What's the (Quantum) Matter with Black Holes? Dark Energy and Condensate Stars
OKC/Nordita High-Energy Physics Theory seminar
Monday 08 June 2015
to 14:15 at
Emil Mottola (Los Alamos)
General Relativity receives quantum corrections relevant at macroscopic distance scales
and near event horizons. These arise from the conformal scalar degree of freedom
generated by the trace anomaly. At event horizons the conformal anomaly
scalar degree of freedom can have macroscopically large effects on the geometry,
potentially removing the classical event horizon of a black hole, replacing it with
a quantum boundary layer where the effective value of the gravitational vacuum energy
density can change. In the full effective theory, the cosmological term becomes a dynamical
condensate, whose value depends upon boundary conditions near the horizon.

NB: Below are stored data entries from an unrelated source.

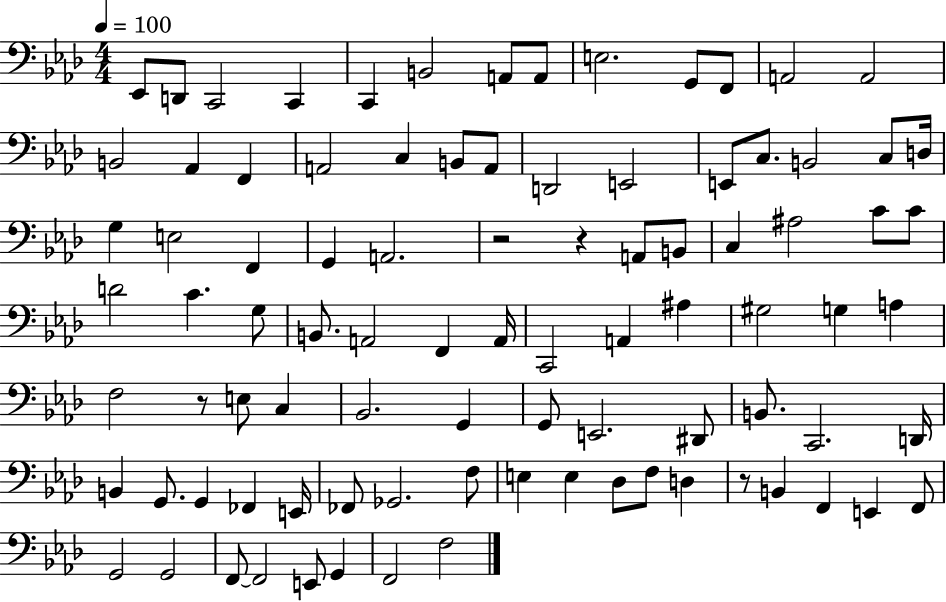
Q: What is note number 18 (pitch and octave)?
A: C3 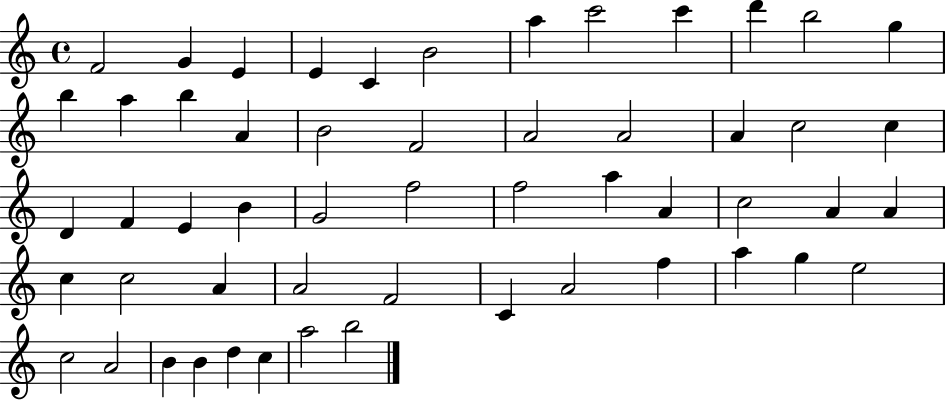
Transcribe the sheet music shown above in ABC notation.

X:1
T:Untitled
M:4/4
L:1/4
K:C
F2 G E E C B2 a c'2 c' d' b2 g b a b A B2 F2 A2 A2 A c2 c D F E B G2 f2 f2 a A c2 A A c c2 A A2 F2 C A2 f a g e2 c2 A2 B B d c a2 b2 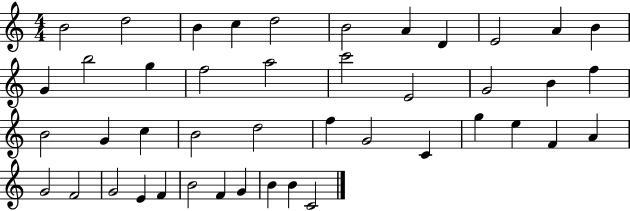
X:1
T:Untitled
M:4/4
L:1/4
K:C
B2 d2 B c d2 B2 A D E2 A B G b2 g f2 a2 c'2 E2 G2 B f B2 G c B2 d2 f G2 C g e F A G2 F2 G2 E F B2 F G B B C2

By taking a positive value in the interior of a fully collapsed star, the effective
cosmological term removes any singularity, replacing it with a smooth dark energy interior.
The resulting gravitational condensate star (or gravastar) configuration resolves all
black hole paradoxes, and provides a testable alternative to black holes as the final state
of complete gravitational collapse. The observed dark energy of our universe likewise may
be a macroscopic finite size effect whose value depends on the cosmological horizon scale.